Patricia Harvey swept into office as St. Paul Public Schools superintendent in 1999 with an agenda to end social promotion for struggling students and to hold schools accountable for chronically low test scores. By the time Harvey left in 2006, the district was basking in five years of climbing scores and a flourishing reputation as an urban district on the rise.
Harvey died Feb. 24 in Alexandria, Va. She was 72.
Years after she left the district, a collection of photographs of Harvey with schoolchildren of all colors and backgrounds still filled the office in her Virginia home, said niece Kimberly Jackson. They all were St. Paul kids.
"Her entire life, she fought for 'her' kids," said Jackson, who said a yearslong battle with multiple sclerosis contributed to Harvey's death. "She had a special gift of letting everyone know when she was talking to them that they were the most important person in the room."

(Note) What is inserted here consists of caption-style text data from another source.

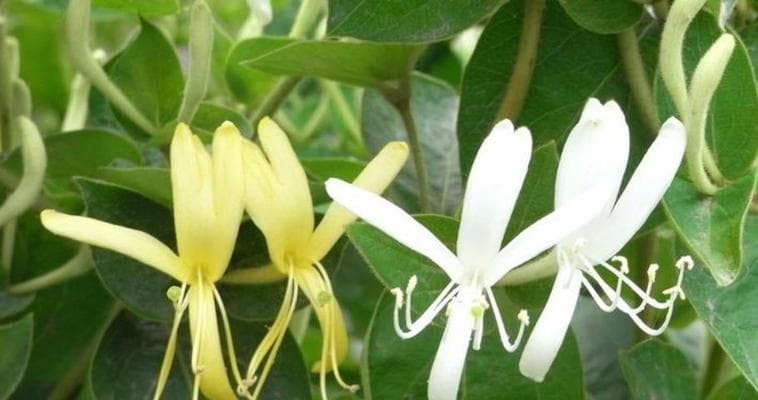 以解九令药效解析：传统中药方在现代医学中的应用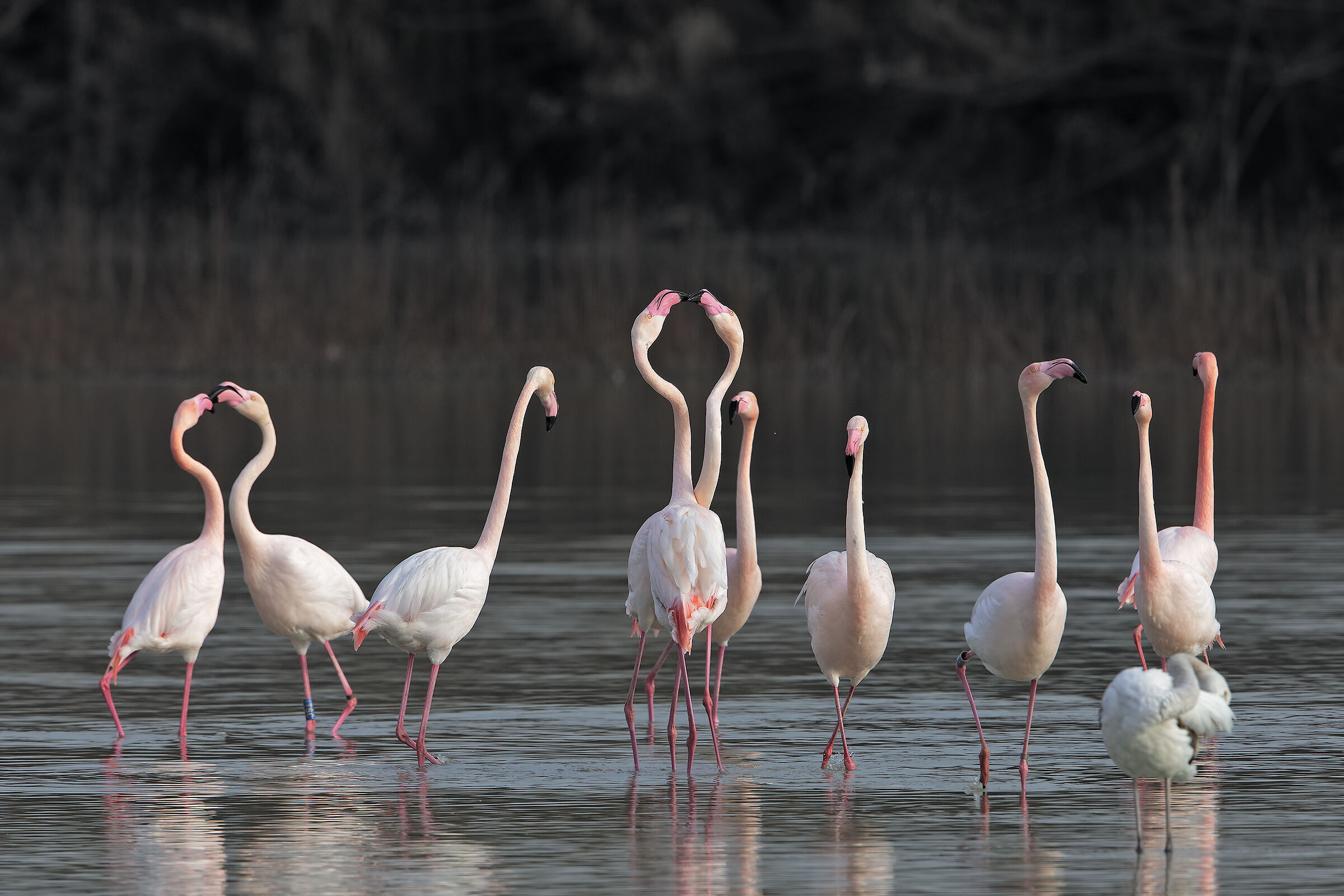 Dance at sunset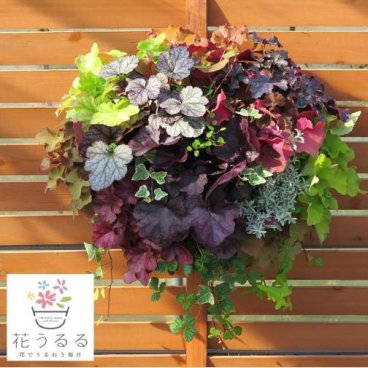 【Ｌサイズ】ウォールバスケットの寄せ植え作品◆ヒューケラMIX～プレミアム◆　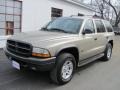 2002 Light Almond Pearl Metallic Dodge Durango Sport 4x4  photo #1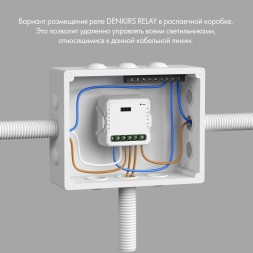 RL1001-SM Одноканальное Wi-Fi реле-выключатель 1 x 2300 Вт / 250 Вт для LED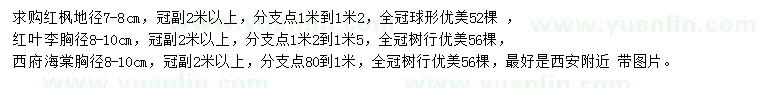 求購紅楓、紅葉李、西府海棠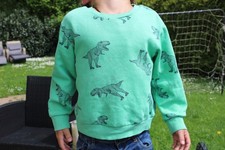 Pulli von H&M mit Dino-Motiv, Größe 110/116, 5/6 Jahre, Topzustand
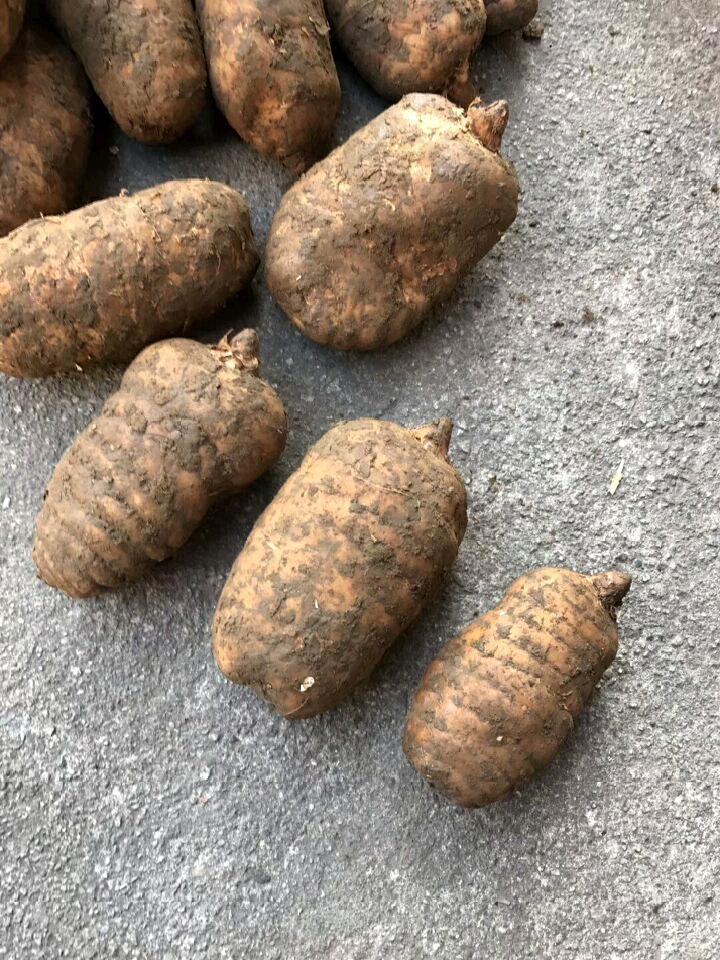 3个一斤湿天麻3斤包邮 新货南特产昭通小草坝新鲜乌天麻野生特级2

She was born March 13, 1947, the third of four daughters to the Rev. Albert Lee and Maeola Wilson. Harvey began her teaching career in Chicago public schools before becoming principal at Helen M Hefferan Public School. She would eventually lead the Chicago district's accountability office. In 1999, Harvey became the first black woman to lead St. Paul schools.
An intensely private person, Harvey burst on the scene in St. Paul driving a new Jaguar with vanity plates and immediately began pushing schools to improve grades and test scores. While she was criticized by teachers and parents for putting a "probation" label on struggling schools, improvement quickly followed and test scores started climbing.
She launched a Leadership Institute to train principals and ended social promotion, holding back hundreds of students from advancing to fourth, sixth or eighth grade if they couldn't prove they were ready. And Harvey snared unprecedented support from the business community, persuading the St. Paul Area Chamber of Commerce to throw its weight behind the district's excess-levy proposal in 2000 after previous efforts failed.
Kent Pekel, who was Harvey's research director, said she was "committed to raising expectations for children living in poverty, about what they can accomplish if they're given the opportunity."